* TASK DESCRIPTION
Please restate each line of the data that follows word for word, skipping any image.

[Brief descriptive captions]
|---|

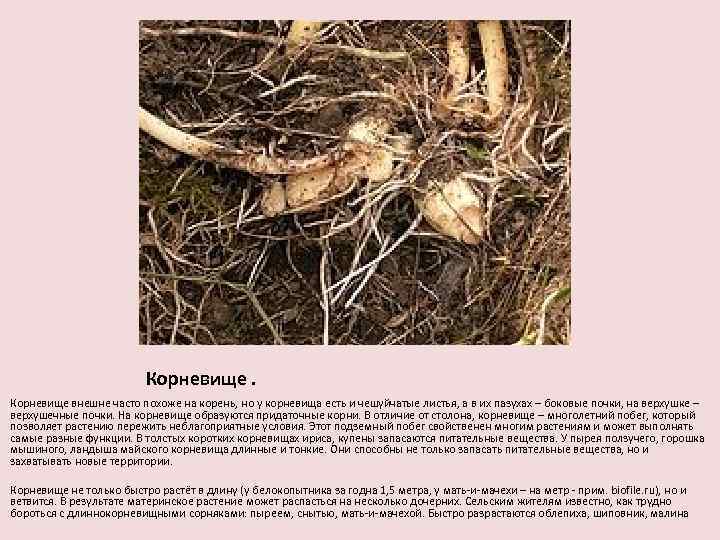 Корневище внешне часто похоже на корень, но у корневища есть и чешуйчатые листья, а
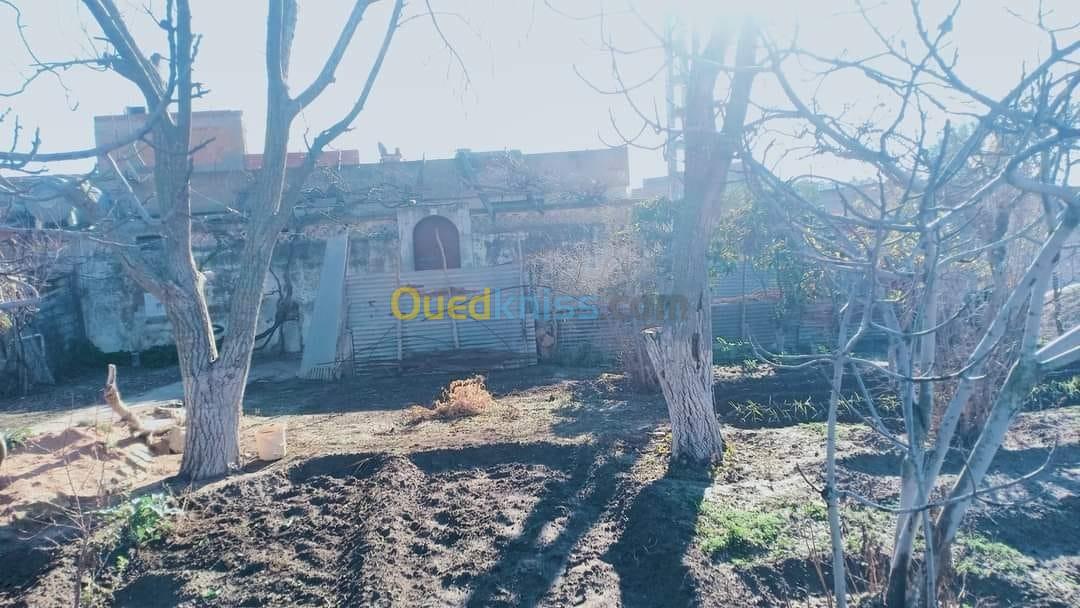 Vente Niveau De Villa F4 Tiaret Tagdemt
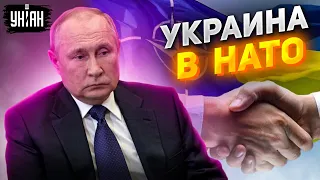 Путин сжался от страха. Украина начала ускоренный путь в НАТО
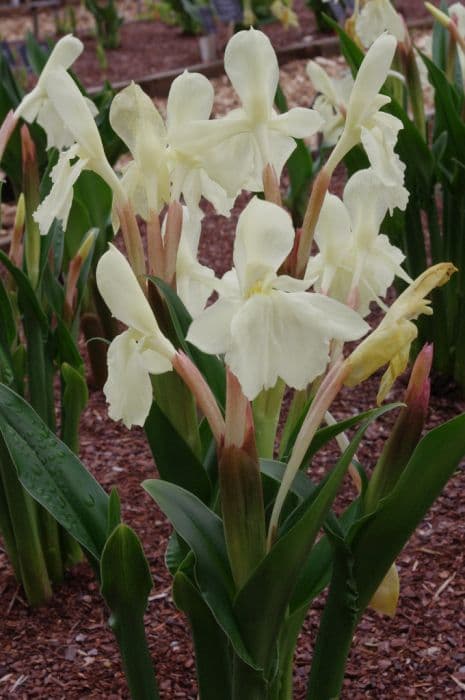 Roscoea 'Kew Beauty'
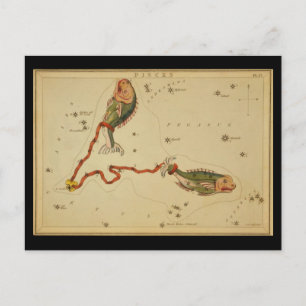 Pisces Postkarte
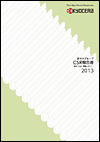 CSR Report 2013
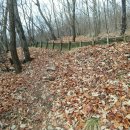 궁내초교 이미지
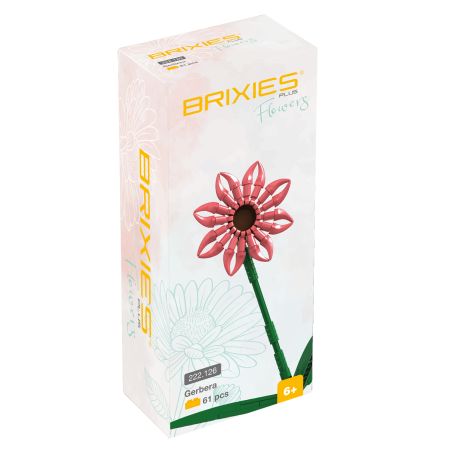 Brixies Plus Gerbera Lachs Brixies Plus Gerbera Lachs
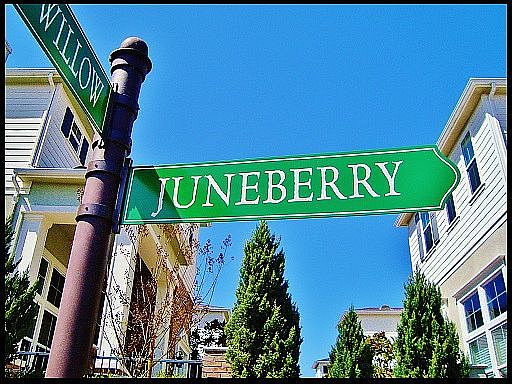 2nd image of 25 Juneberry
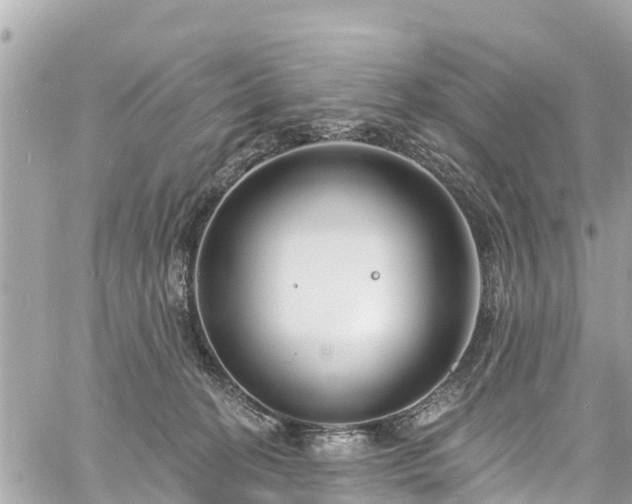 X0000060810274200511141514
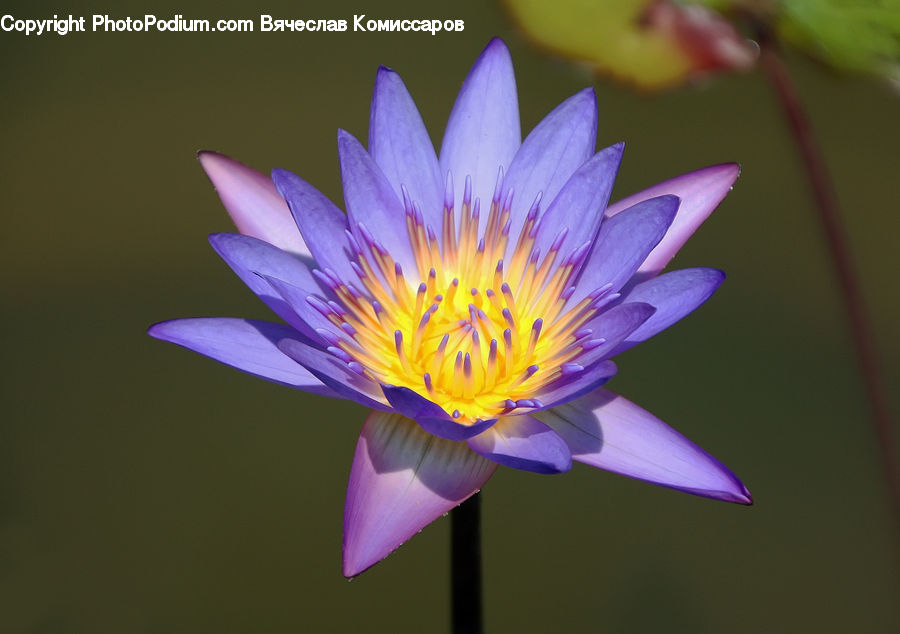 Flower, Lily, Plant, Pond Lily, Blossom, Flora, Crocus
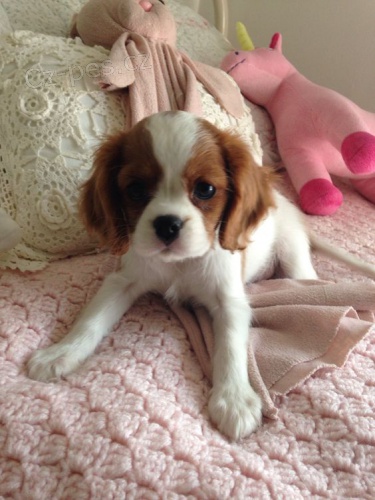 Prod�m mini o�kovan� �t��ata Cavalier King Charles Spaniel.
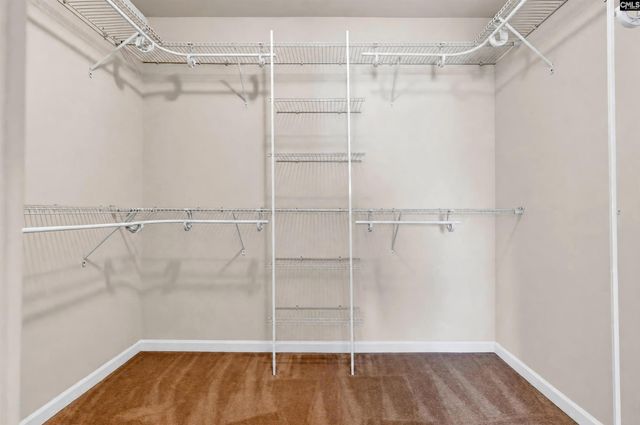 504 Finnegan Lane, West Columbia, SC 29169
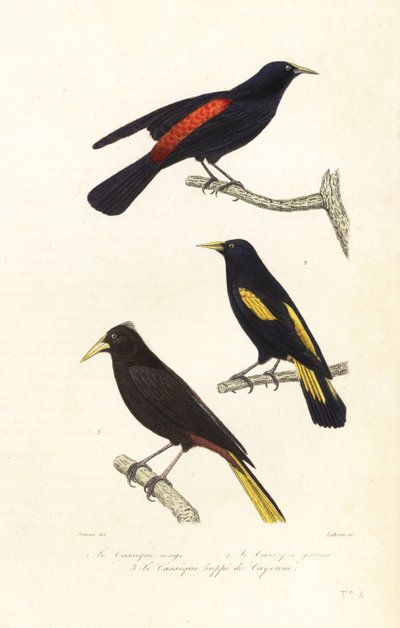 Specie di cacique e oropendola crestato da Edouard (after) Travies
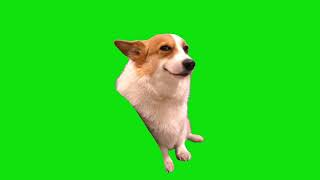 Smiling Corgi Dog Meme Green Screen Chroma Key Template [upl. by Sewoll]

|---|

* OUTPUT
 Корневище внешне часто похоже на корень, но у корневища есть и чешуйчатые листья, а
 Vente Niveau De Villa F4 Tiaret Tagdemt
 Путин сжался от страха. Украина начала ускоренный путь в НАТО
 Roscoea 'Kew Beauty'
 Pisces Postkarte
 CSR Report 2013
 궁내초교 이미지
 Brixies Plus Gerbera Lachs Brixies Plus Gerbera Lachs
 2nd image of 25 Juneberry
 X0000060810274200511141514
 Flower, Lily, Plant, Pond Lily, Blossom, Flora, Crocus
 Prod�m mini o�kovan� �t��ata Cavalier King Charles Spaniel.
 504 Finnegan Lane, West Columbia, SC 29169
 Specie di cacique e oropendola crestato da Edouard (after) Travies
 Smiling Corgi Dog Meme Green Screen Chroma Key Template [upl. by Sewoll]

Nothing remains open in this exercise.